No Mercy for Our Children

"He hath shewed thee, O man, what is good; and what doth the Lord require of thee, but to do justly, and to love mercy, and to walk humbly with thy God?" Micah 6:8 (KJV)

What These Weeks Revealed About Black Life and the Right to Defend It

There is a particular kind of exhaustion settling over many American Descendants of Slaves. It is the exhaustion of grieving in public while being told our grief is either misplaced or politically inconvenient.

These have been weeks of grief, and not because we buried our children in June. It is because we watched two courtrooms, within days of each other, tell us again how little our children’s lives and our children’s fear are worth. We grieve when our children die. We grieve when our children go to prison. We grieve when we believe the justice system has looked at one of our own and decided, before the first witness was called, that mercy was for someone else.

This is a piece about that unequal measure: about who is permitted to be afraid, who is permitted to defend himself, and whose life this country is willing to count.

A Child Shot in the Back

In 2023, fourteen-year-old Cyrus Carmack-Belton walked into a convenience store in Columbia, South Carolina.

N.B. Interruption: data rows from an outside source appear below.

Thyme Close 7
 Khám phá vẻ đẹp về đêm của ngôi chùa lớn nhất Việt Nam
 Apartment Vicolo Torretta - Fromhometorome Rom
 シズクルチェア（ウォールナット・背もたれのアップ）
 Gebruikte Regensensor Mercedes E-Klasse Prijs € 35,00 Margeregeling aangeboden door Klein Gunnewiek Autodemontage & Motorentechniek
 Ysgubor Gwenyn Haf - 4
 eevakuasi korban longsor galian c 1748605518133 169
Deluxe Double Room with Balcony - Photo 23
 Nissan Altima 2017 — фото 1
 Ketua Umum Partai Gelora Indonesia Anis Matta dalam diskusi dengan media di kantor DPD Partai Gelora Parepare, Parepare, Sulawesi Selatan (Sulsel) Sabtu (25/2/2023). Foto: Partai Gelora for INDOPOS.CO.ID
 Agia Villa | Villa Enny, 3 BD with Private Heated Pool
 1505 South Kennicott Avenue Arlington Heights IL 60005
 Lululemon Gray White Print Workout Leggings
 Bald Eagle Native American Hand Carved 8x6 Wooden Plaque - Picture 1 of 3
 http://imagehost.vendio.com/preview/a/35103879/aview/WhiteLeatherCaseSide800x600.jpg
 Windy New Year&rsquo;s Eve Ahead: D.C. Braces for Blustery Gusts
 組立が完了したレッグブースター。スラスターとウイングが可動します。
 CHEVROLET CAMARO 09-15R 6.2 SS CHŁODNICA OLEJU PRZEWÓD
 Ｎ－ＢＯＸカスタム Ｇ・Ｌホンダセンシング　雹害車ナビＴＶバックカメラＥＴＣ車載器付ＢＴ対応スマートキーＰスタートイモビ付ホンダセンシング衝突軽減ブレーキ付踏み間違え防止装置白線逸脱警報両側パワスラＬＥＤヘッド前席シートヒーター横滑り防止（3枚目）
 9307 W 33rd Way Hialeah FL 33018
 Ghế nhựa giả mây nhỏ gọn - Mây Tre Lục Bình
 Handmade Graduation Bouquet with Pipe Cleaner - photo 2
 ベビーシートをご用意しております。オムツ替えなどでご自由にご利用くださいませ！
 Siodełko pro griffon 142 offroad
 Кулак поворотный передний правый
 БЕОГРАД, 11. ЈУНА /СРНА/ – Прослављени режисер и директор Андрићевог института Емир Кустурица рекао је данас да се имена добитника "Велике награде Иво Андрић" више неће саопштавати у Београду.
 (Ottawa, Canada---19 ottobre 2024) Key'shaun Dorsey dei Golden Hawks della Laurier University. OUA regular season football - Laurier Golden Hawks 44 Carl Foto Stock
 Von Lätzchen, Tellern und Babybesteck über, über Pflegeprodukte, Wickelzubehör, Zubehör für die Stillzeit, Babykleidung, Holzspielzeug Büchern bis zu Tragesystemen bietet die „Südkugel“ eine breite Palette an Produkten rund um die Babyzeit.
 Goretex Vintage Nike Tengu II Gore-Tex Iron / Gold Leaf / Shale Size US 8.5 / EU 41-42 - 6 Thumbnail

He was wrongly suspected of shoplifting. He took nothing; the sheriff said plainly afterward that there was no evidence he stole anything at all. When he left and ran, the store owner and his son chased him roughly a hundred yards, and the owner shot him in the back with a handgun and killed him.

This month, a jury acquitted the man who killed him. The family said it as plainly as it can be said: a jury watched their fourteen-year-old boy run away from two grown men on video, knew one of them shot him in the back, and still concluded that no one was to blame. He stole nothing. He was a child, and he was running for his life.

The wound this June was not the loss of Cyrus’s life, which we have grieved since 2023. It was the verdict — the official word that a child shot in the back while fleeing is a death for which no one must answer.

A Permission Slip, Not a Reason

Days later came the other verdict. On June 9, a jury in Collin County, Texas, found Karmelo Anthony, nineteen, guilty of murder in the 2025 stabbing death of seventeen-year-old Austin Metcalf at a Frisco track meet, and sentenced him that same evening to thirty-five years. He will be eligible for parole only after serving at least half of it. Two families were shattered by a single terrible encounter, and there is no version of this story in which a child is not lost.

I do not write to relitigate the verdict. A jury heard evidence none of us heard in full. But there is a deeper concern in this case, and it carries a precise constitutional name. When it came time to seat a jury, prosecutors used their strikes to remove the last three Black people remaining in the pool. Karmelo Anthony’s attorneys did exactly what the law provides for in such a moment: they raised a Batson challenge, named for the Supreme Court case that forbids striking jurors because of their race. The prosecution offered a reason that sounds neutral on its face. The three were educators, they said, and this had happened at a school event. Judge John Roach accepted that explanation and let the strikes stand.

The jury that resulted was not all one color. It included Hispanic and Asian members, and its defenders were quick to call it diverse. But not one Black juror sat on it. This is a pattern American Descendants of Slaves have learned to recognize: the language of inclusion deployed in a way that includes everyone except us. A jury can look varied in a photograph and still contain no one who shares the particular history, the particular vulnerability, of the young person on trial.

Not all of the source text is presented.